The above experiments have helped us to reach a better understanding of the importance of attack as an element in the identification of instrumental timbre. Although we have been careful to note our findings, we should like at this point to summarize our conclusions. We observed, for example, that it was possible, by means of an exaggeratedly toned-down attack, to transform a piano sound (in the midregister) into a flute sound and that a vibraphone sound, with its natural beginning cut off, becomes unrecognizable. . . . In other words, at least for a certain type of sound, the ear deduces the elements necessary for identifying the instrument from the attack. We have seen that the same is almost true of “swelled” sustained sounds that are short or do not develop; conversely, the attack becomes secondary as an element in the identification of timbre when the sounds have dynamic or harmonic variations in the course of their duration (vibrato, for example), and this all the more so if these variations are numerous and unpredictable. We could, therefore, as a general rule, say that:

1. Every percussion-resonance type of sound has its characteristic timbre immediately from the moment of attack.

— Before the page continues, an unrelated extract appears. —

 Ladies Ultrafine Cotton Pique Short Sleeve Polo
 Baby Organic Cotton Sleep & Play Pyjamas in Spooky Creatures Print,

2. The timbre of every sustained sound with dynamic or harmonic variations will only be identified secondarily by its attack; the timbre will be the result of a perception that evolves throughout the duration of the sound.

We could also conflate these two statements into one: perceived timbre is a synthesis of the variations in harmonic content and dynamic development; in particular, it exists immediately from the first moment of the attack whenever the rest of the sound flows directly from this.